Hoje começo por afirmar que muitas aulas seguem metodologias de há 50 anos: longas exposições dos professores, sem direito a perguntas por parte dos alunos; utilização do quadro como único material de suporte, mesmo que agora já não seja o “quadro preto” do meu tempo; pouco trabalho de grupo e de pesquisa; métodos tradicionais de controlo disciplinar, como admoestar, gritar ou “pôr na rua”, como faziam, na minha adolescência, os maus professores do Pedro Nunes.
Estes métodos conduzem depressa à indisciplina: educados em famílias onde todos podem participar ou, em muitos casos, em famílias desestruturadas sem quaisquer regras, os alunos de hoje reagem a esta organização “vertical” da sala de aula, onde só fala um e 30 têm de estar longos minutos em silêncio. A sua experiência quotidiana é diferente: na família, predomina a organização “horizontal”, onde a sua palavra é estimulada ou, na pior das hipóteses, provêm de agregados familiares em que o caos é a regra. Olham para o Facebook e observam uma participação intensa, sem limites, onde não raro está presente a grosseria e a falta de respeito. Por essas razões, mesmo com contextos familiares muito diversificados, a indisciplina é, infelizmente, uma característica geracional.
Um professor só pode ser respeitado se, de facto, respeitar os seus alunos.

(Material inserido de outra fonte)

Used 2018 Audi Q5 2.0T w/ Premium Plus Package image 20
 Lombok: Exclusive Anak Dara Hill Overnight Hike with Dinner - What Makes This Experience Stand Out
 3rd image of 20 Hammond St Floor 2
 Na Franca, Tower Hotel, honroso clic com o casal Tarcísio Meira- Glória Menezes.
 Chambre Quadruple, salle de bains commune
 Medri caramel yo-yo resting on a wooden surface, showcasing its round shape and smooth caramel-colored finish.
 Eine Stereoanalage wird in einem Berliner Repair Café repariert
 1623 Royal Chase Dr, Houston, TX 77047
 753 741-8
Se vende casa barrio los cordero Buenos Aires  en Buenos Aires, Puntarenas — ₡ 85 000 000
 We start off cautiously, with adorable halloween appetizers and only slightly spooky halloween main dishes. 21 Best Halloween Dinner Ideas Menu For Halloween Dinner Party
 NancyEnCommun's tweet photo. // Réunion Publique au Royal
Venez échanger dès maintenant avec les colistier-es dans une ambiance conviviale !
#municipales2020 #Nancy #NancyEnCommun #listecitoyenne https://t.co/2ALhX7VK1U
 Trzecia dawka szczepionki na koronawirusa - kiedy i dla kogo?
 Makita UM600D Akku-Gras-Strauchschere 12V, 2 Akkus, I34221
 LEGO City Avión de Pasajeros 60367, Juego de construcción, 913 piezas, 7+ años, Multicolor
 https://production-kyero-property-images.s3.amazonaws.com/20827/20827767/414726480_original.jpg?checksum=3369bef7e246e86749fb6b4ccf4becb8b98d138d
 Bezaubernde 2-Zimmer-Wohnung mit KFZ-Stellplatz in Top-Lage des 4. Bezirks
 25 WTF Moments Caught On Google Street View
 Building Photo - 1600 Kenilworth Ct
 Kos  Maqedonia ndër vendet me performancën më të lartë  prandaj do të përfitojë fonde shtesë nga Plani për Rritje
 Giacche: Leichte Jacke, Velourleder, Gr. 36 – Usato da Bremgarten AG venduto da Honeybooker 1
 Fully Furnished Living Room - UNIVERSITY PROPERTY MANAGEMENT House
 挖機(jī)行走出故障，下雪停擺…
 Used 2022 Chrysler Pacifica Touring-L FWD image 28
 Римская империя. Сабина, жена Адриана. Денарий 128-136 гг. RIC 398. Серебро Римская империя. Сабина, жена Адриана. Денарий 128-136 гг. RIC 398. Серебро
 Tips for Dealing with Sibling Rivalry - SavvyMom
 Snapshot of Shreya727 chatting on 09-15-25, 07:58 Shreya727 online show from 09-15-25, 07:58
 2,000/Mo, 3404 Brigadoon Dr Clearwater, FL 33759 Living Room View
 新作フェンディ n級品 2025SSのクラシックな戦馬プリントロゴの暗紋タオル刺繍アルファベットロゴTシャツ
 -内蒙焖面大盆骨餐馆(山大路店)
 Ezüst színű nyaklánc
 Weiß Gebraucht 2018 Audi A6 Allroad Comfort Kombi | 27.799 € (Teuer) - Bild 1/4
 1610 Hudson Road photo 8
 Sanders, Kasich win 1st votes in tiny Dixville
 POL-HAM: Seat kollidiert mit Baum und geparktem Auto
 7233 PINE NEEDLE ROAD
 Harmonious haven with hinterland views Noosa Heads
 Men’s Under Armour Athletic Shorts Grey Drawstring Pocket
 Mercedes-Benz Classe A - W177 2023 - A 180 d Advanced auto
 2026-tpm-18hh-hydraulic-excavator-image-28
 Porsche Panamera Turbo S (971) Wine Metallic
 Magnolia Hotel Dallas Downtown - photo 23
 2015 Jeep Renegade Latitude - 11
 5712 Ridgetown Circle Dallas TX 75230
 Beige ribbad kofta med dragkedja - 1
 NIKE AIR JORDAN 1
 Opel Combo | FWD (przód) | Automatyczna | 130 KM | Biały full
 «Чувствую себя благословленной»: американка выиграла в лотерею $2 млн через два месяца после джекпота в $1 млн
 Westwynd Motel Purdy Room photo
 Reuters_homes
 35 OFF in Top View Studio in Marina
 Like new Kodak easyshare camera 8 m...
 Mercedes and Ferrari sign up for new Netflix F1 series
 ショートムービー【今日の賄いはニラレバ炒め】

Esta exigência implica uma complexa arte de saber ouvir e, ao mesmo tempo, conseguir obter o silêncio; ser firme sem autoritarismo; nunca cultivar o “deixar andar” face a um comportamento desrespeitoso dos jovens.
Todos os alunos merecem um estatuto e uma dignidade, tal como os professores, o que só se consegue com empatia mútua. O respeito e a ordem na sala de aula não se obtêm com medidas punitivas primárias, nem com a permissividade do “fazer de conta”. É crucial encontrar um equilíbrio entre a definição do “estar na aula” por parte do professor e esse “estar” por parte do aluno, o que só se consegue através de uma relação pedagógica estruturada, organizada a partir do trabalho conjunto e de um adequado relacionamento interpessoal.
Ora o que acontece, em muitas aulas, é o contrário: impedido, pela organização “vertical”, de poder ter voz activa na sala, o aluno de hoje depressa recorre à acção indisciplinada e clandestina para obter o seu “controlo” da aula.
O professor não funciona se não tiver um espaço estruturado para ensinar. Para isso, necessita responsabilizar toda a turma e não a dividir em “bons” e “maus” alunos. Só consegue êxito se organizar os alunos num espaço de cooperação, onde a procura da entreajuda e solidariedade entre os mais novos deve ser sempre estimulada. Também é necessário que o professor demonstre uma compreensão e conhecimento efectivos da realidade actual dos alunos, respeitando a sua privacidade mas estando disponível para a escuta e aconselhamento.
Verifico pouca reflexão sobre estes temas nos meus diálogos com professores e alunos. Predominam a crítica do outro, o desânimo e a eterna espera de que o ministério melhore, onde deveria existir a construção recíproca do saber estar hoje numa sala de aula.”